Success in the fight against cybercrime

SWITCH recorded a marked decrease in malware infecting Swiss websites in 2015. In contrast to other domains, websites ending in .ch did not see a further increase in phishing cases. SWITCH’s efforts to stop domains being misused are proving effective, making .ch increasingly unattractive as a target for attacks.

Published on 25.01.2016

The SWITCH foundation protects Swiss websites against misuse. “Cybercriminals are driven by money. We are quick in identifying domain misuse and acting to stop it, so attacking Swiss websites is becoming less and less worthwhile,” explains SWITCH security expert Serge Droz.

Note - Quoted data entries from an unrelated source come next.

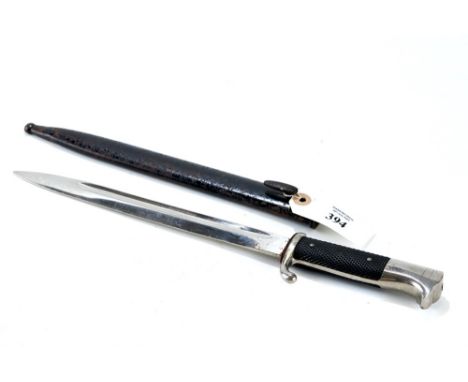 A GERMAN BAYONET with nickel plated hilt and textured grips, hooked quillon, 10" fullered blade with black painted steel scab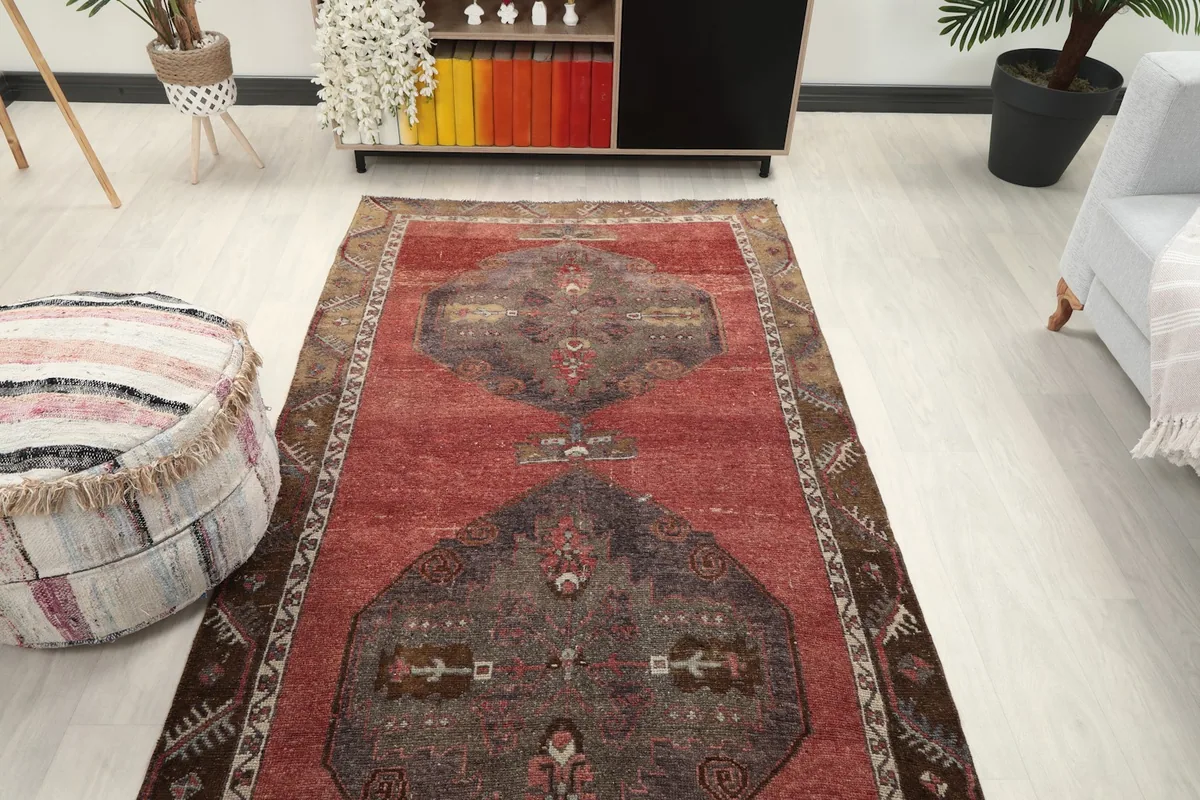 Overhead view of the runner rug placed in a room, showing its full design and context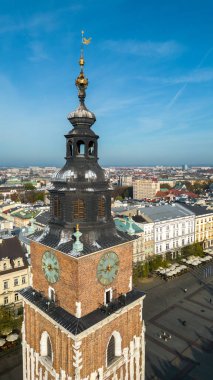 Bir şehirde üzerinde saat olan bir saat kulesi gösterilir..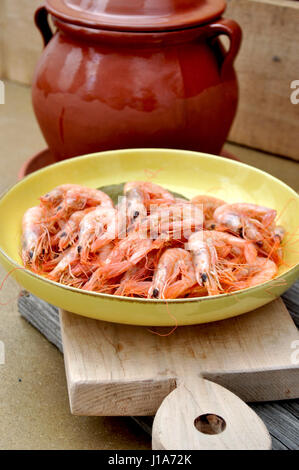 Dish with prawns on wood Stock Photo
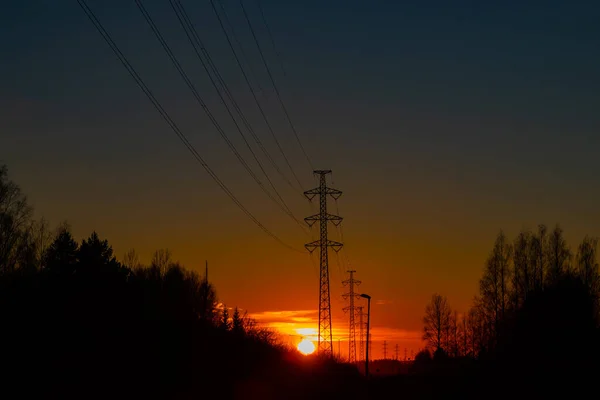 高压电塔映衬着美丽的夕阳 — 图库照片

Malware down, phishing stable
SWITCH took action to remove malware from 698 .ch and .li websites in 2015, down from 1,839 in 2014. The situation as regards phishing was more or less stable: 329 .ch and .li websites were affected, compared with 323 in 2014. Meanwhile, there was an increase in the number of phishing attacks on Swiss companies’ websites with other domain endings. Droz sees new challenges where phishing is concerned: “Phishing attacks did not focus solely on banks in Switzerland last year, they were primarily targeted at online shops. Our goal for 2016 is to be even more efficient in dealing with phishing. Since we can only have a direct influence on .ch and .li, we are all the more dependent on cooperation with colleagues in Switzerland and abroad when it comes to other domain endings.”

Established process with mandate from OFCOM
SWITCH has been using a standardised process to combat malware since 2010. The foundation works closely together with the registrars, the authorities and the Federal Office of Communications (OFCOM). The fight against malware was enshrined in the Ordinance on Internet Domains (OID) in 2015.

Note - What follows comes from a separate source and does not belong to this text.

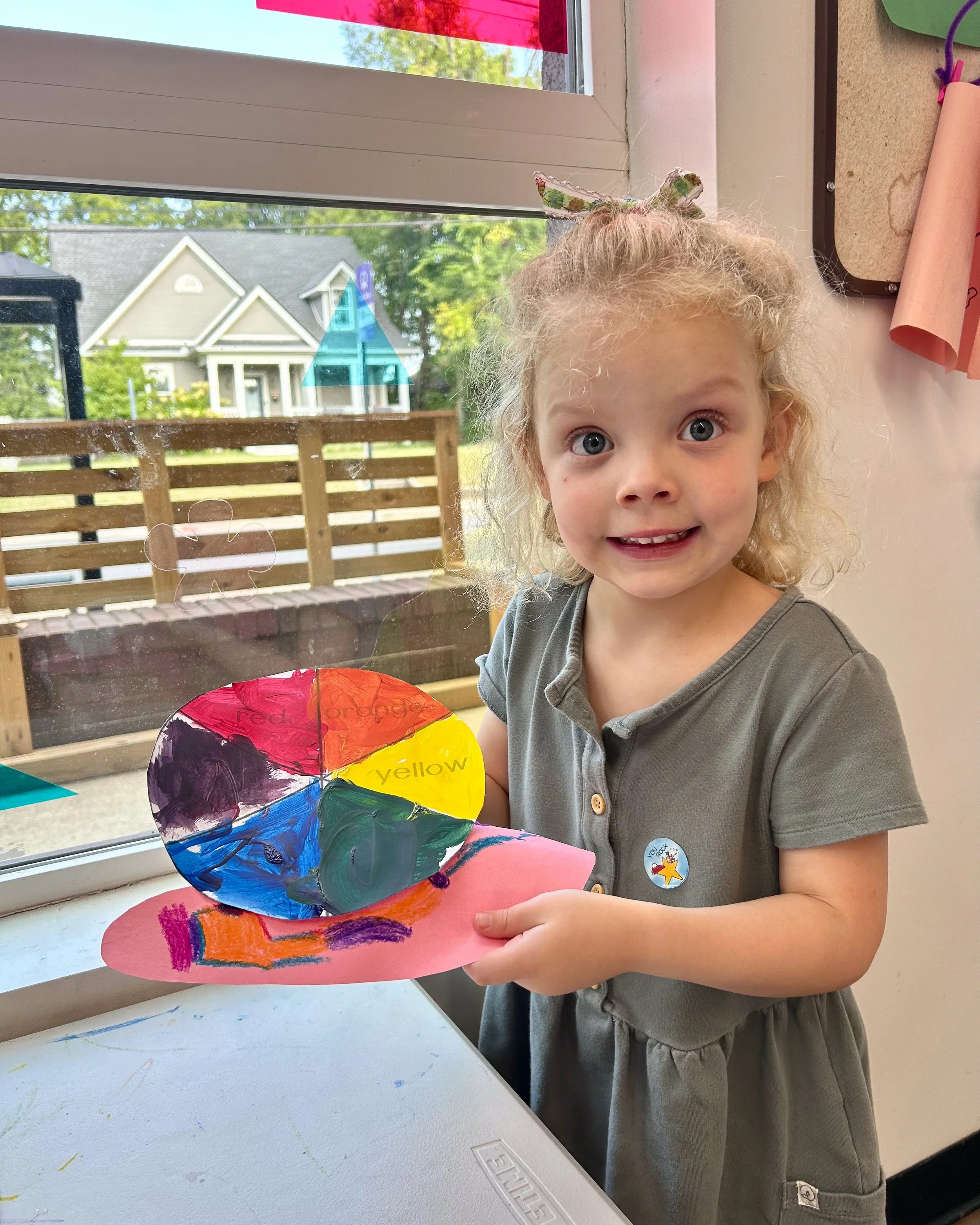 A little girl smiles for the camera and holds up her color wheel snail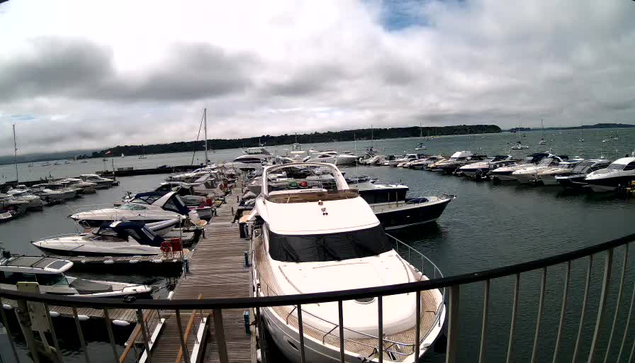 A marina filled with numerous boats and yachts docked along wooden piers extends into calm water under an overcast sky, with a distant shoreline visible on the horizon.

Standardised action against phishing since 2014
In view of the sharp increase in phishing, SWITCH extended the malware process in 2014 to cover this form of cybercrime as well. Attempts to gain access to passwords or credit card information by illegal means can have far-reaching consequences for private individuals and companies alike. When SWITCH identifies phishing attacks on a .ch or .li website, it notifies the domain holder and the hosting provider immediately. These clean up the phishing site within 24 hours in more than 90% of cases. “For websites with endings other than .ch and .li, we contact our colleagues and partners around the world,” says Droz. “Thanks to our network of contacts, this works very well indeed.”

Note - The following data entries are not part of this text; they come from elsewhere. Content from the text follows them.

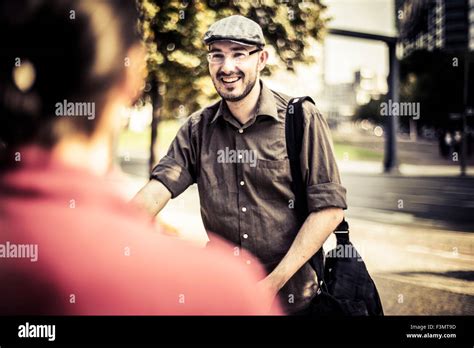 Two Men Talking To Each Other At Park In Berlin Hi Res Stock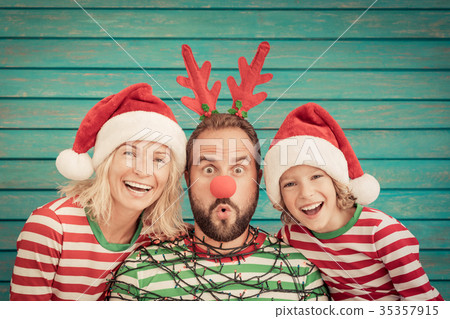 Happy family on Christmas eve Happy family on Christmas eve 35357915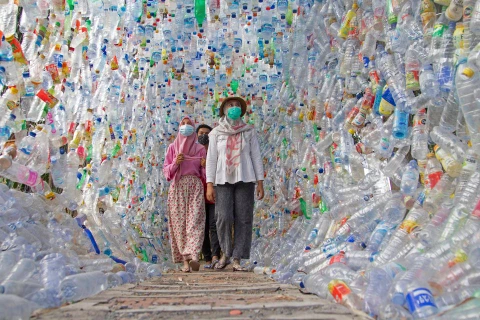 Người dân đi qua một đường hầm được tạo ra bằng các chai nhựa. (Nguồn: reuters.com)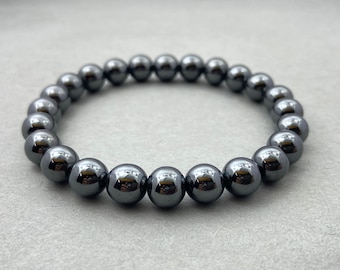 May include: A black hematite beaded bracelet with shiny, round beads.
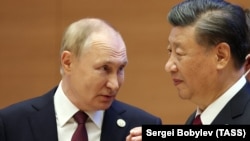 Президент РФ Владимир Путин (слева) и Председатель Китайской Народной Республики Си Цзиньпин, 16 сентября 2022 года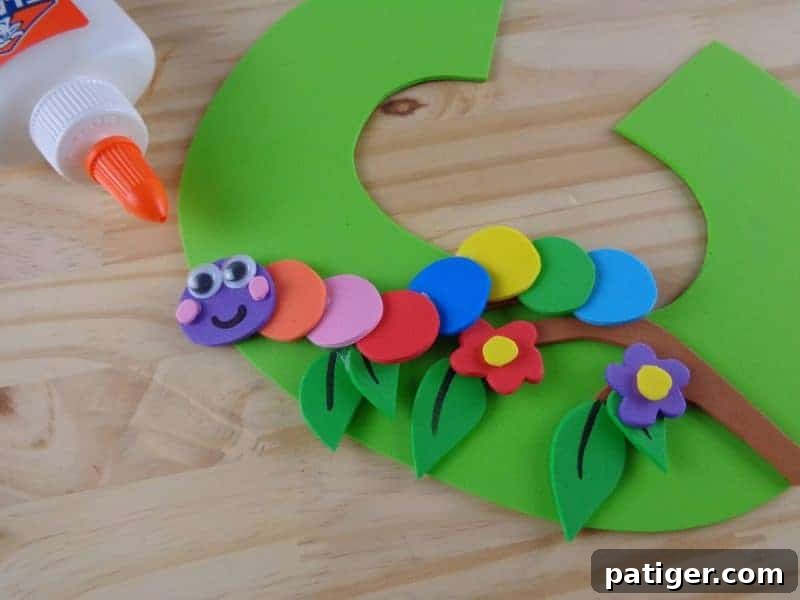 Colorful flower shapes cut from craft foam are glued onto the tree branch, adding decorative elements to the letter C craft.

Pioneering role in international fight against cybercrime
SWITCH’s process for combating domain misuse and its national and international cooperation are unique worldwide. The significant fall in malware cases and the stabilisation in phishing in Switzerland are attracting interest internationally. SWITCH placed particular emphasis in 2015 on prevention and expanding its alerting network. Its new website helps domain holders, hosting providers and registrars to deal with domain misuse.

Cybercrime worldwide in 2015: Ransoms, blackmail and spying
Serge Droz outlines the international situation: “Cybercrime has continued to become more professional. It is evolving into an underground economy in which people are specialising to the extent that we can talk about ‘cybercrime as a service’.” The key trends and events of 2015 in the world of cybercrime were as follows:

  • Ransomware: Cybercriminals block access to data and demand money to restore it. They have even set up their own help desks for this purpose that provide victims with information.
  • Blackmail using DDoS attacks: Groups like DD4BC (DDoS for Bitcoins), who were recently arrested, and the Armada Collective threaten to shut down websites using distributed denial of service (DDoS) attacks, where a site is bombarded with queries, unless they are paid. Experience shows that paying up does not help. It merely encourages demands for more money, so the attacks actually become more frequent.
  • APT (advanced persistent threat) taking on new dimensions: Attackers spy on their victims over a lengthy period in order to work out a tailor-made attack. The most extreme known case is probably that of the group using a piece of malware called Carbanak. They waited two years to strike, then hacked into user accounts at banks, gaining access to surveillance cameras and reprogramming cash machines so that they gave out banknotes with higher denominations than the software had registered. The damage caused to around 100 banks in 30 countries may be as much as USD 1 billion.


Interview with SWITCH security specialist Serge Droz, looking back over 2015 and head to 2016:

SWITCH’s “Safer Internet” prevention website:

Five tips to make your website safer:


Definition of terms

Cybercriminals install drive-by code on websites by exploiting security loopholes in content management systems and using hacked access details. Once drive-by code is installed on a site, it attempts to load malware onto the computers and mobile devices of people visiting that site. This happens without the visitors or their anti-virus software noticing.

Cybercriminals use falsified login pages on hacked websites to steal access details that allow them to log into online accounts, for example on social media, e-banking or shopping sites. Making use of a stolen identity, they have full access to the services that person has subscribed to, and they take advantage of this to carry out fraudulent transactions at the victim’s expense.


Reporting suspected phishing: SWITCH recommends reporting it directly to the Swiss Internet Security Alliance (SISA), a joint initiative of Swiss providers of Internet and financial services and security firms. SWITCH is a founding member of SISA.